Soon a steaming hot bowl of ramen was placed before me and I gave Ayame and Teuchi a smile, “Thank you both so much!”

“Ah you’re most welcome, Sasuke! Enjoy!”

I nodded and proceeded to eat. The first bite was heavenly…and so was the second. The noodles were perfectly cooked and the pork was seasoned in just the right manner. I took my time, enjoying the meal, but if this was the meal they ate in canon then Naruto was right. Ramen is the food of the gods.

I finished eating and paid quickly with a portion of the allowance partitioned to me for the month. I couldn’t eat here every night, but I sure as hell was going to make it a weekly thing.

“Come back now, Sasuke!” Teuchi said with a smile and I gave a thumbs up.

“Absolutely!”

By this point it was just past five. Time for training I suppose.

The next few days past by in a similar manner. I would attend class, make myself dinner, and train until I was exhausted before heading to bed. In my training, I found I most loved running and practicing the Katon jutsu. Running with chakra was freeing, as if I was flying, and practicing Katon left me feeling warm inside. Soon, I would need to incorporate chakra control training, but for now I was just gaining a measure of what I could truly do.

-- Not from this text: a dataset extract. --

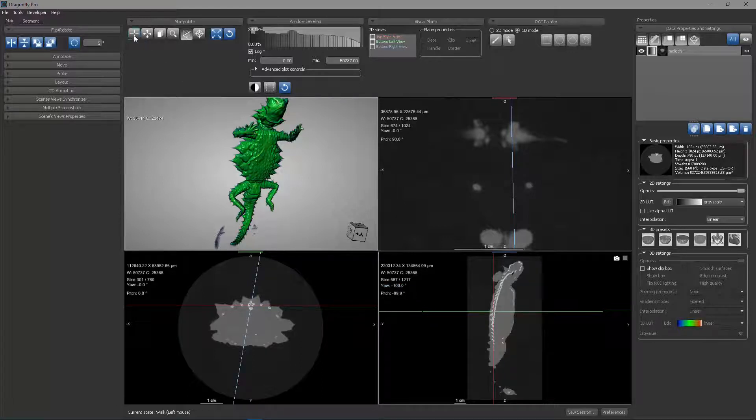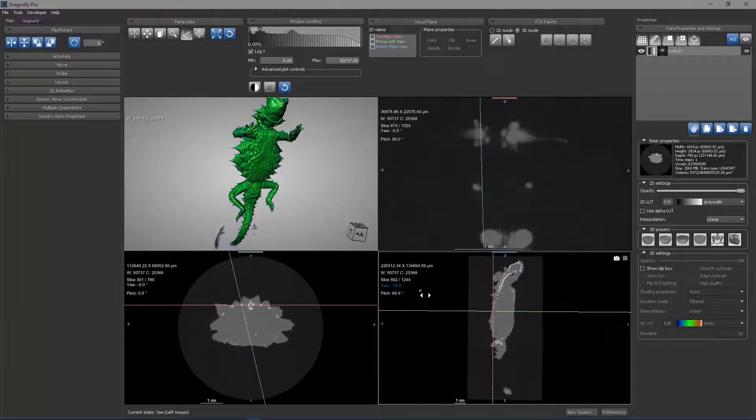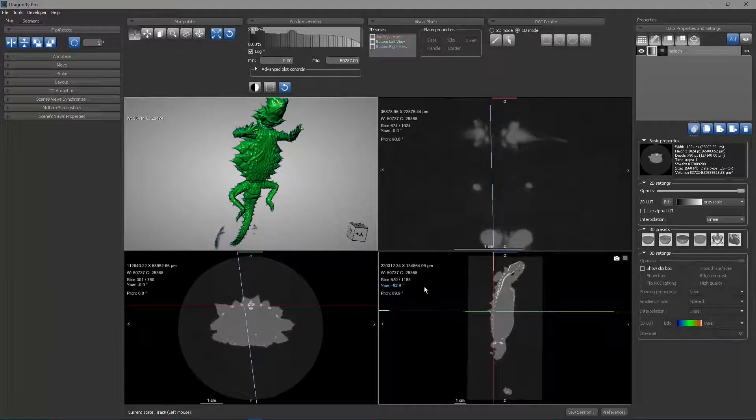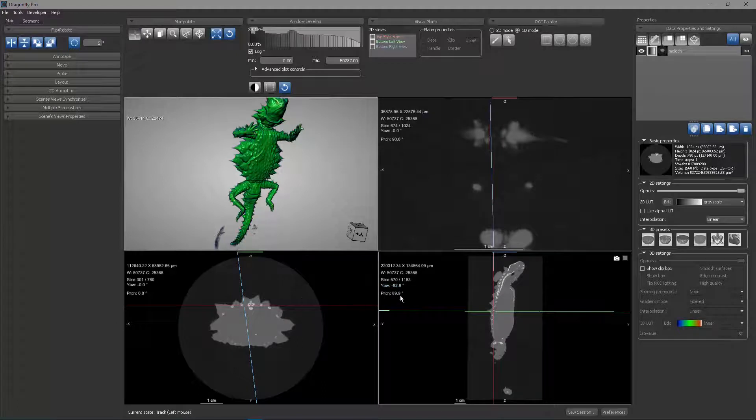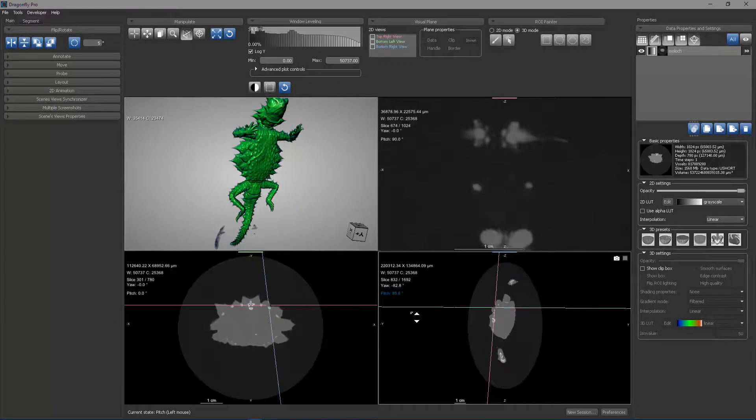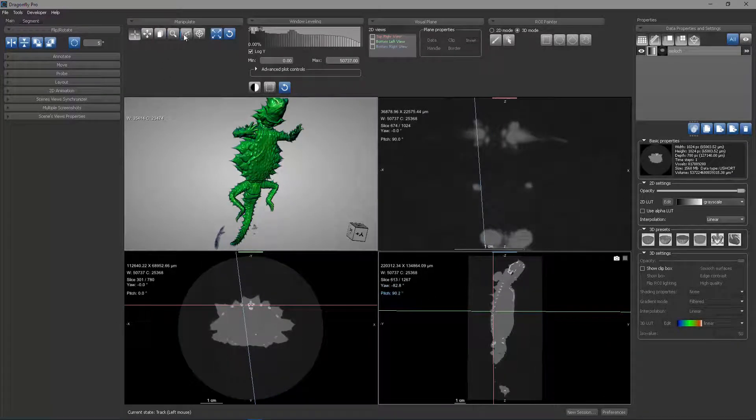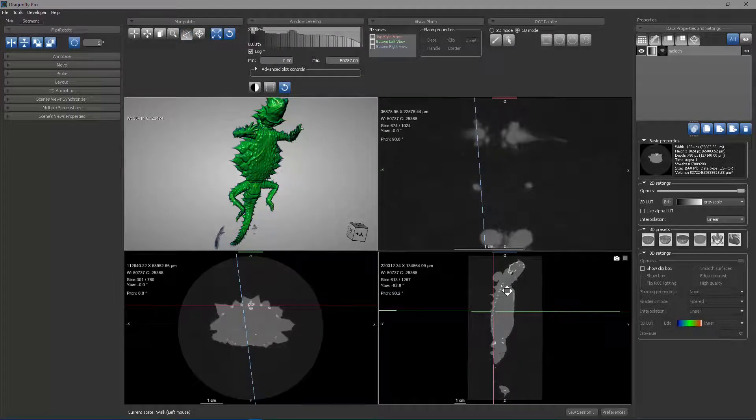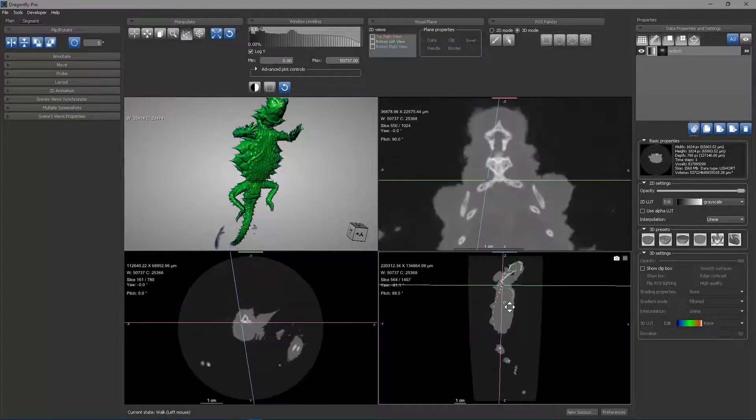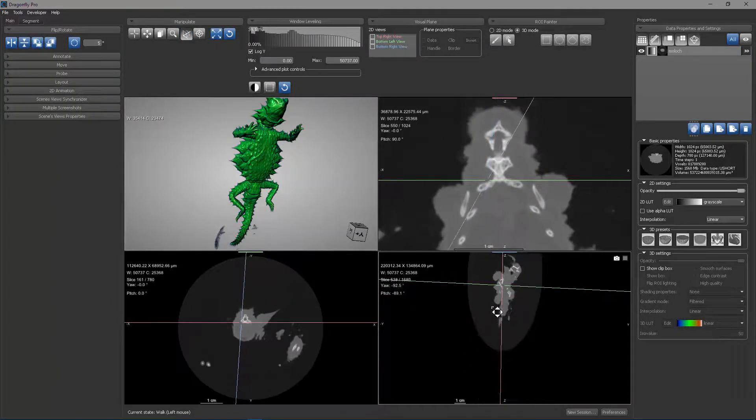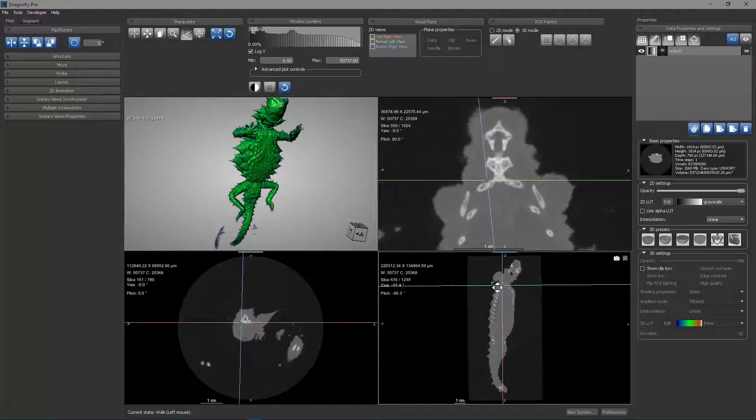This is similar to applying yaw and pitch. If I'm back in the track state, you can see that I can use these text presenters to do a yaw, and you can see the behavior of how this slice is changing over here, or a pitch, and you can see how it's changing up here. The walk button allows you to do both at the same time, and it pivots directly where the mouse is. This allows you to walk around and change the freehand view of that slice.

In class, I mostly kept to myself, though I had seemed to develop a friendly rivalry with Kiba in our runs. The two of us were consistently at the front of the pack and would share good natured insults as we ran. I still had yet to see any sign of Naruto, however, and my concern grew. If he didn’t exist…then everything rode on my shoulders.

And so, the following week, I made a choice and sat next to Shikamaru Nara.